Antone objected to the Debtors’ notice of assumption, assignment and cure amounts filed as part of the bid procedures motion as well as the notice of sale. Antone argued its commercial lease could not be assumed and assigned unless the Debtor provided for payment to Antone of one-half of the net profit realized by the Debtor upon transfer and assignment of the Lease to a third party. During the hearing on the Debtors' sale to the successful bidder for the store subject to the Lease, the Bankruptcy Court overruled Antone’s objection, authorized the assumption and assignment of the Lease, and prohibited enforcement of the profit sharing plan clause.
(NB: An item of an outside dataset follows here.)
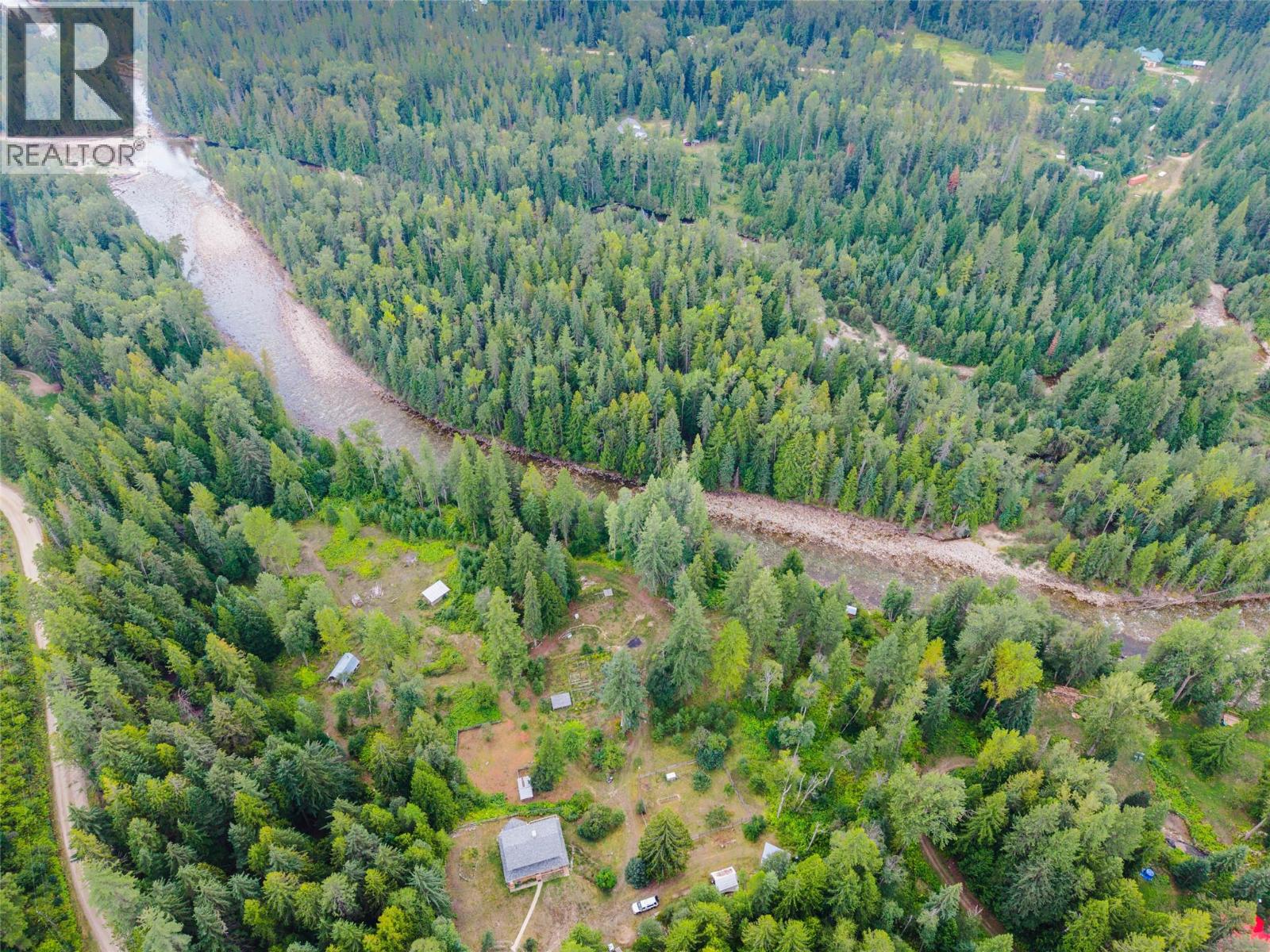 3360 Little Slocan South Road, Passmore, British Columbia  V0G 2J0 - Photo 5 - 10399015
On appeal, the District Court affirmed the Bankruptcy Court’s Sale Order.
Section 365(f)(1) states in relevant part that, “notwithstanding a provision in an executory contract or unexpired lease of the debtor, or in applicable law, that prohibits, restricts, or conditions the assignment of such contract or lease, the trustee may assign such contract or lease under paragraph (2) of this subsection." The Court noted that § 365(f)(1), on its face, covers more ground than mere anti-assignment clauses and extends to any clause that restricts or conditions an assignment of a lease or executory contract. "Section 365(f)(1) was designed to prevent anti-alienation or other clauses in leases and executory contracts assumed by the Trustee from defeating [the Trustee’s] ability to realize the full value of the debtor’s assets in a bankruptcy case.” Op. at 5, quoting In re Headquarters Dodge, Inc., 13 F.3d 674, 682 (3d Cir. 1993).
The profit sharing plan clause here functioned only to extract value that would have accrued to the estate for the sole benefit of one landlord. Although the provision may have been part of a carefully negotiated bargain, the public policy that anti-alienation clauses not defeat the ability of the estate to realize the full value of the estate assets outweighed the interests of Antone in receiving the full benefit of its bargain.